YOUR GOAL —
Would you please transcribe the data in full and exactly, excluding images?

RECORDS FOR THE EXERCISE —
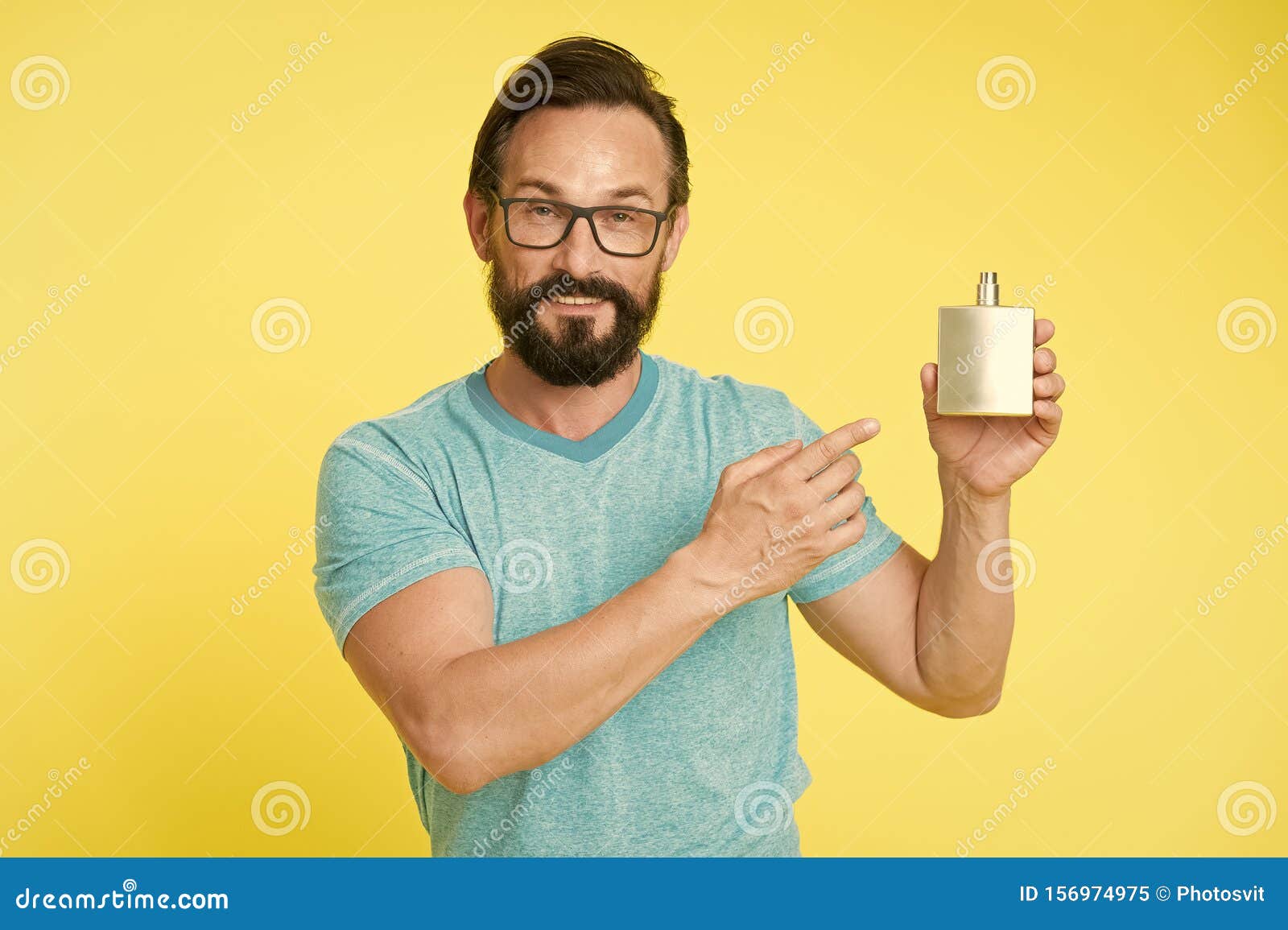 men wearing perfume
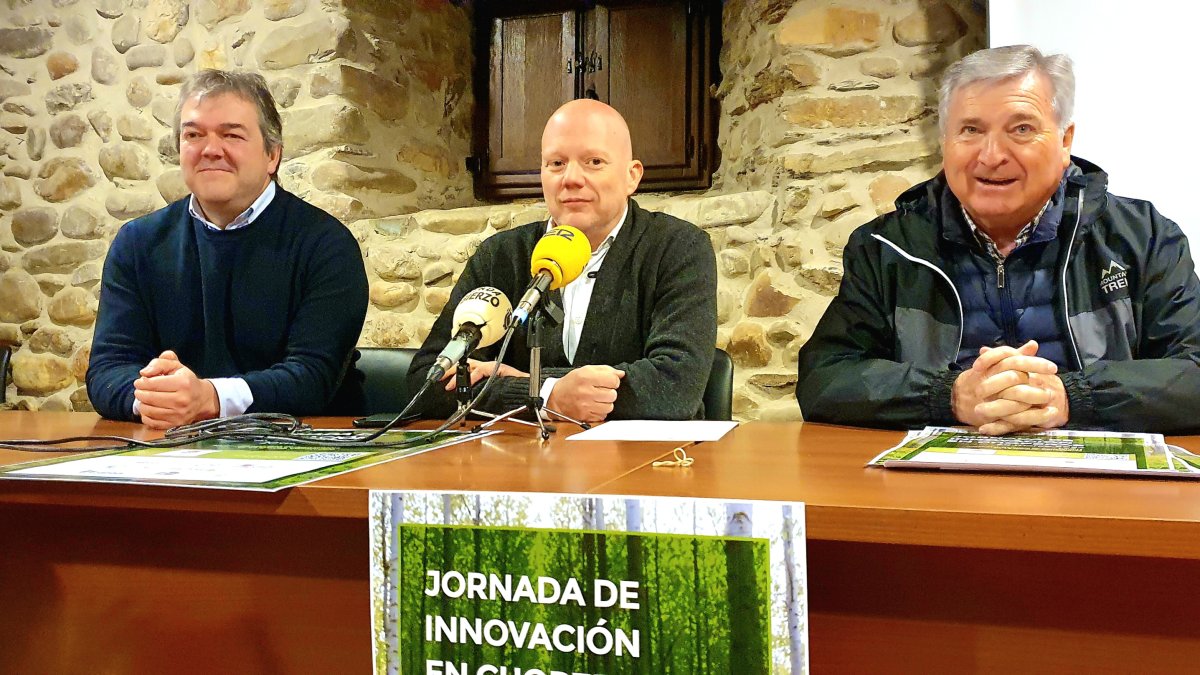 Roberto Rubio (Cesefor), Pablo Linares (Alimentos de Calidad del Bierzo) y Raúl Valcarce (alcalde Carracedelo).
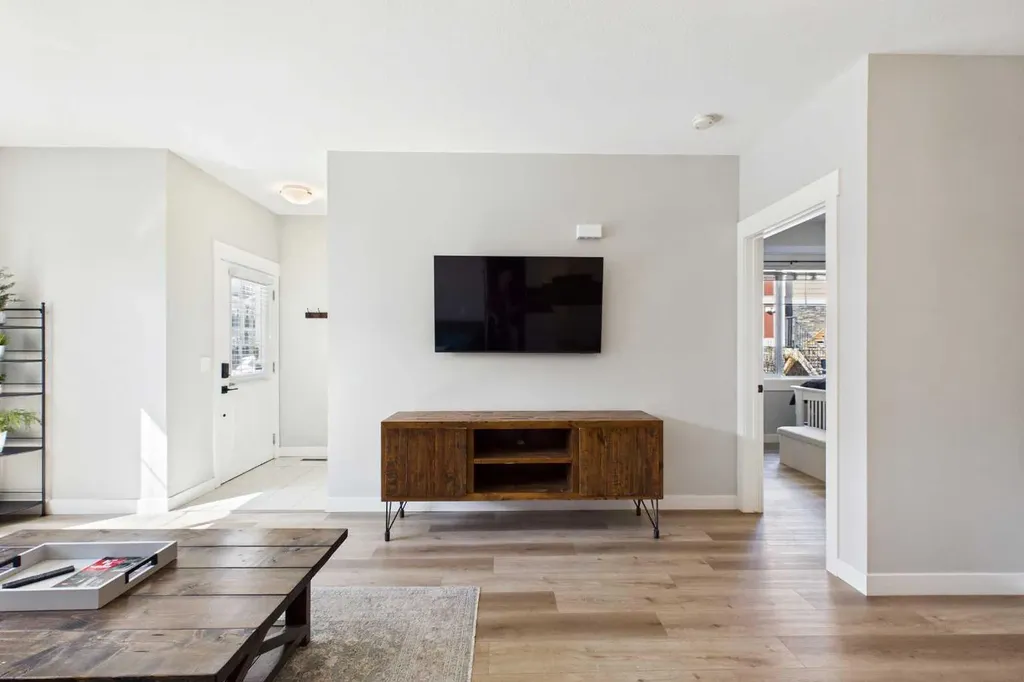 67 West Coach Manor SW Calgary AB T3H 1R7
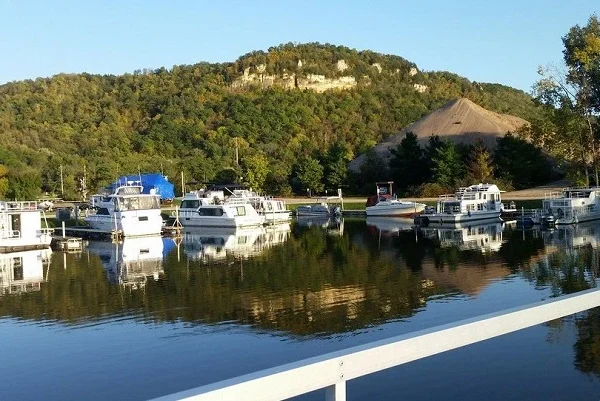 greatriverhouseboats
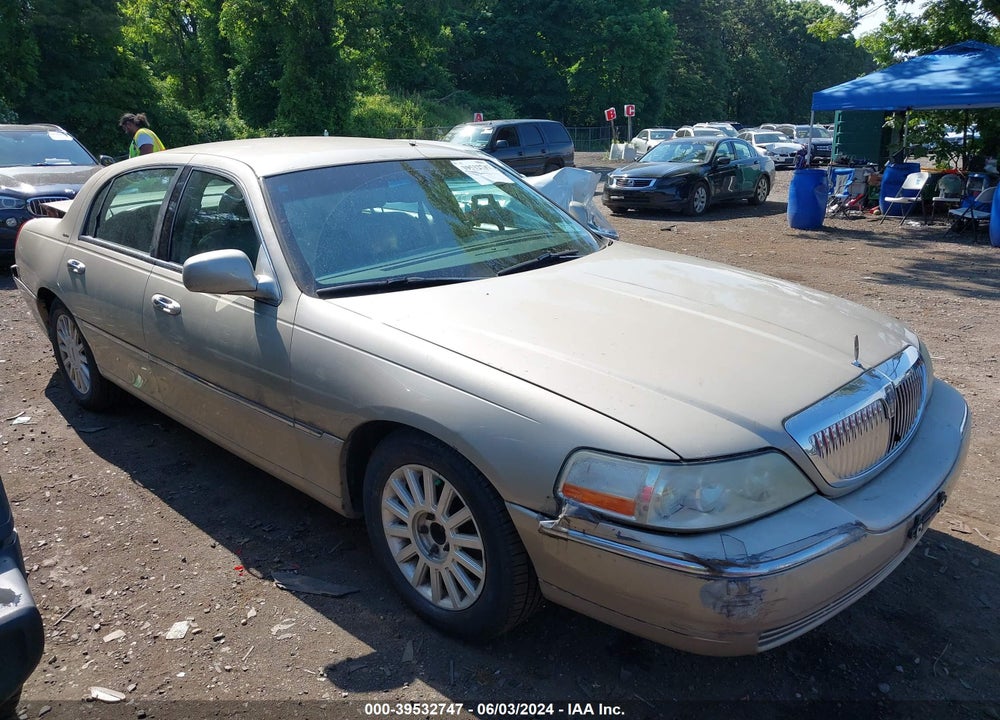 2005 LINCOLN TOWN CAR SIGNATURE VIN: 1LNHM81W65Y649251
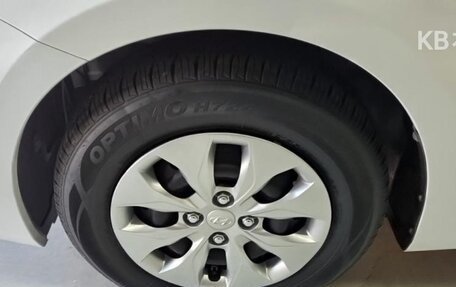 Hyundai Accent IV, 2019 год, 956 000 рублей, 13 фотография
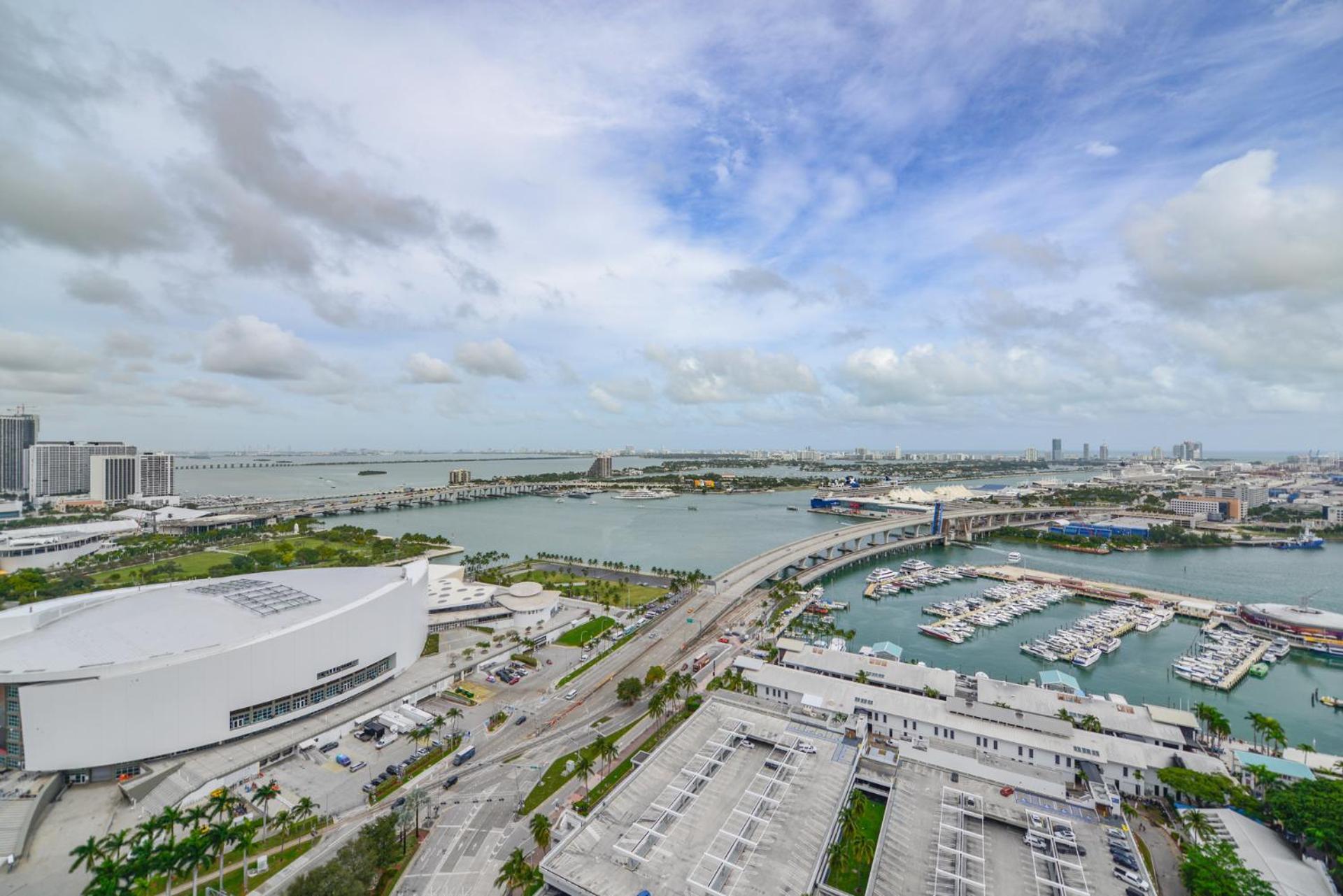Downtown By Miami Vacation Rentals ภายนอก รูปภาพ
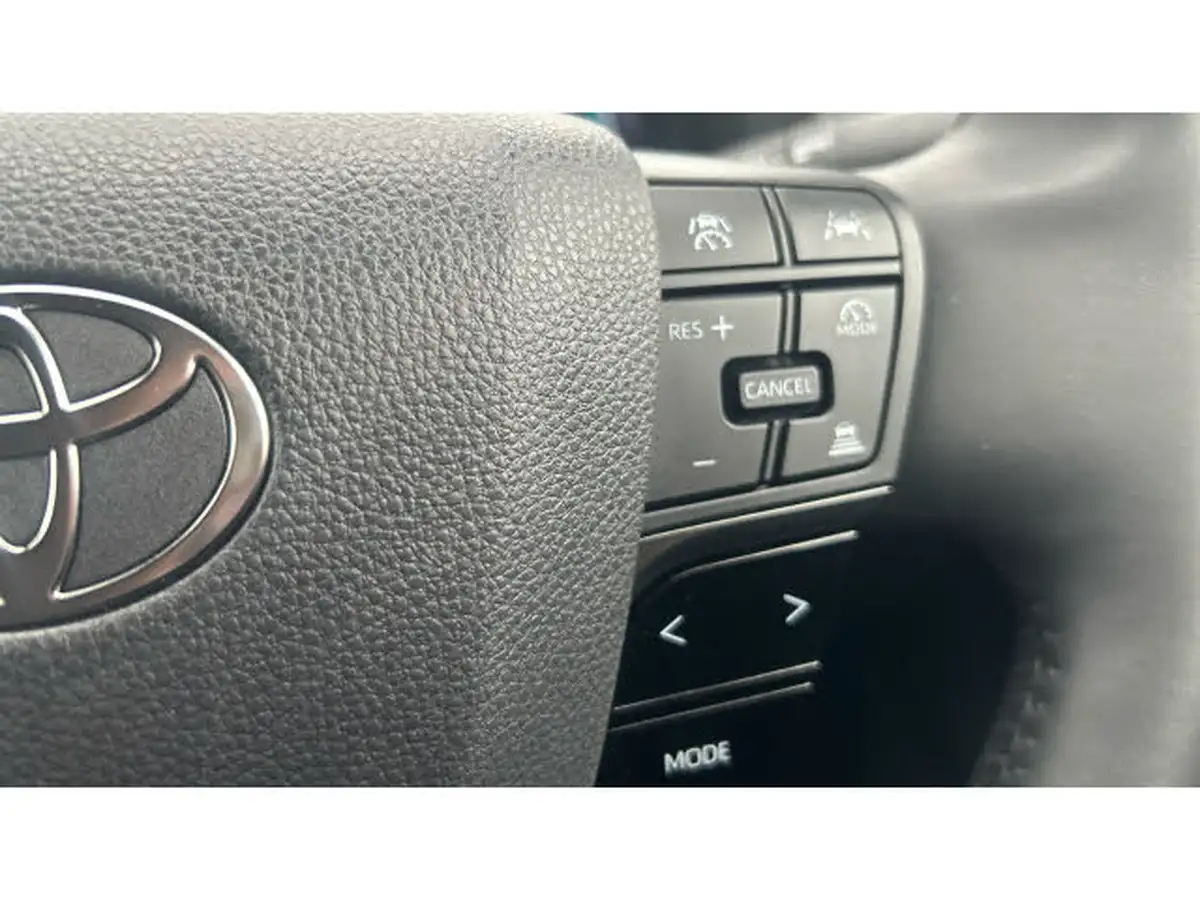 2024-toyota-c-hr-20-vvt-i-design-220bhp-plug-in-big-38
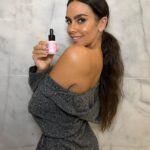 Cristina Pedroche Instagram - Ahora que por lo que sea estoy durmiendo menos (Jajja💘) he decidido probar el contorno de ojos de @freshlycosmetics_es que reduce las ojeras y previene la formación de arrugas, y la verdad es que lo noto un montón. No me puede ayudar a dormir más horas pero sí a tener mejor cara😂😂. #freshlycosmetics #hyperconcentrate #cosmeticanatural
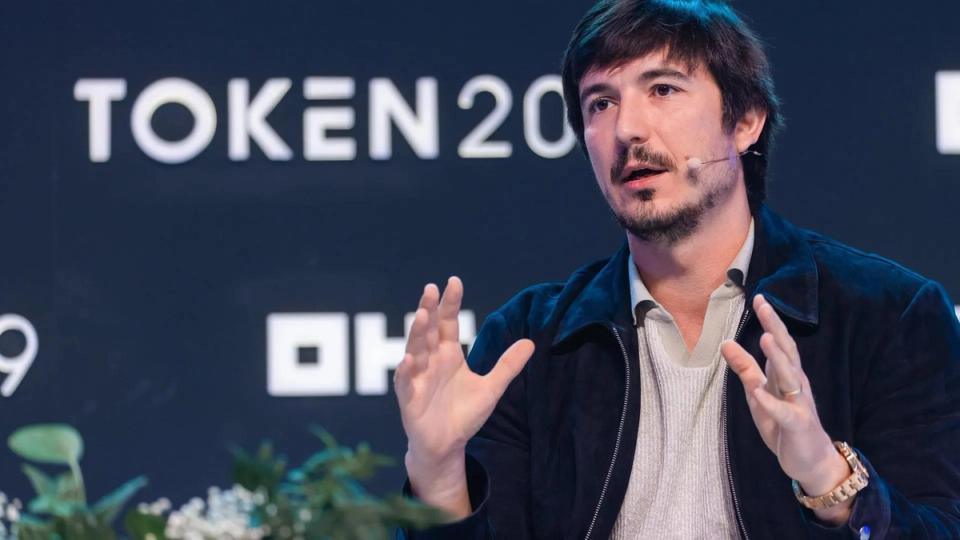 Imagem do CEO da Robinhood, Vlad Tenev, durante evento de cripto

FINAL ANSWER —
 men wearing perfume
 Roberto Rubio (Cesefor), Pablo Linares (Alimentos de Calidad del Bierzo) y Raúl Valcarce (alcalde Carracedelo).
 67 West Coach Manor SW Calgary AB T3H 1R7
 greatriverhouseboats
 2005 LINCOLN TOWN CAR SIGNATURE VIN: 1LNHM81W65Y649251
 Hyundai Accent IV, 2019 год, 956 000 рублей, 13 фотография
Downtown By Miami Vacation Rentals ภายนอก รูปภาพ
 2024-toyota-c-hr-20-vvt-i-design-220bhp-plug-in-big-38
 Cristina Pedroche Instagram - Ahora que por lo que sea estoy durmiendo menos (Jajja💘) he decidido probar el contorno de ojos de @freshlycosmetics_es que reduce las ojeras y previene la formación de arrugas, y la verdad es que lo noto un montón. No me puede ayudar a dormir más horas pero sí a tener mejor cara😂😂. #freshlycosmetics #hyperconcentrate #cosmeticanatural
 Imagem do CEO da Robinhood, Vlad Tenev, durante evento de cripto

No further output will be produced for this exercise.